Provided material:
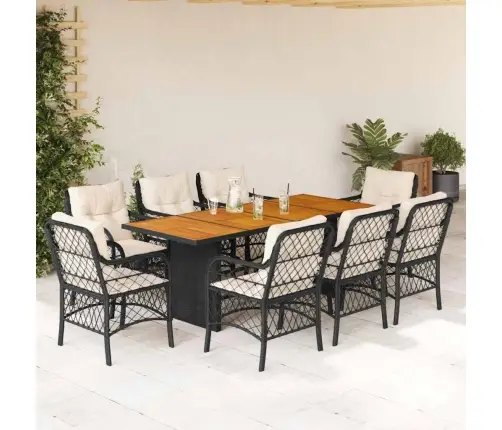 9-Daļīgs Dārza Mēbeļu Komplekts, Matrači, Melns, Pe Rotangpalma Vidaxl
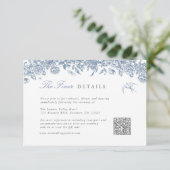 Blue Toile Wedding Details Karte QR Code (Stehend Vorderseite)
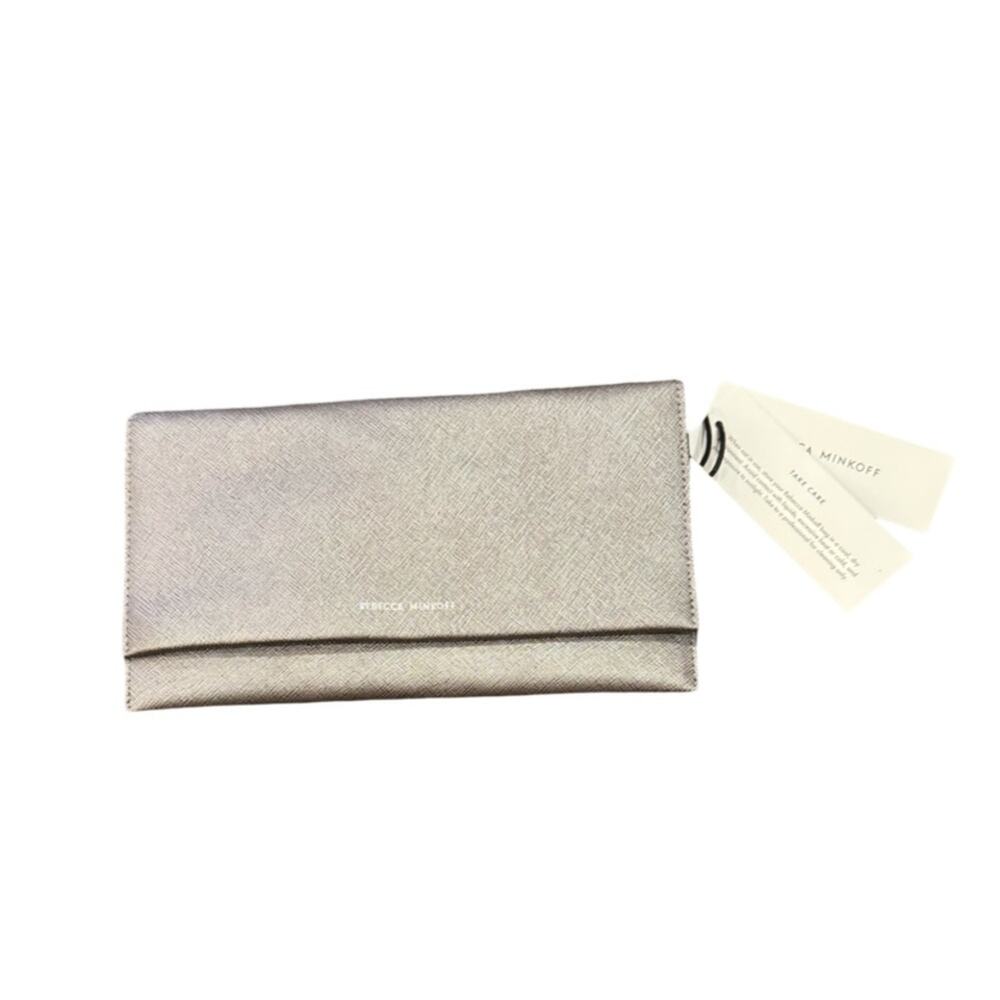 Rebecca Minkoff Metallic Leather Wallet Clutch Bag - Gunmetal NWT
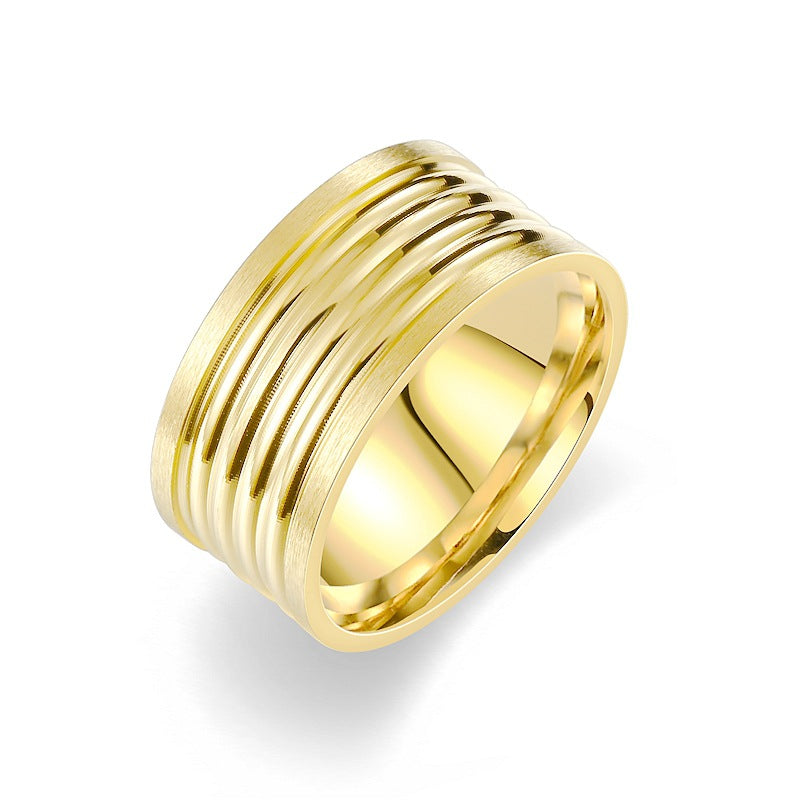 Herren Ring mit stilvollem rillierten Design Shop Nory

Your task:
Write out exactly the lines from the one that contains "Blue Toile Wedding" through the last line of the data above, both included. Leave every picture out.

Written answer:
 Blue Toile Wedding Details Karte QR Code (Stehend Vorderseite)
 Rebecca Minkoff Metallic Leather Wallet Clutch Bag - Gunmetal NWT
 Herren Ring mit stilvollem rillierten Design Shop Nory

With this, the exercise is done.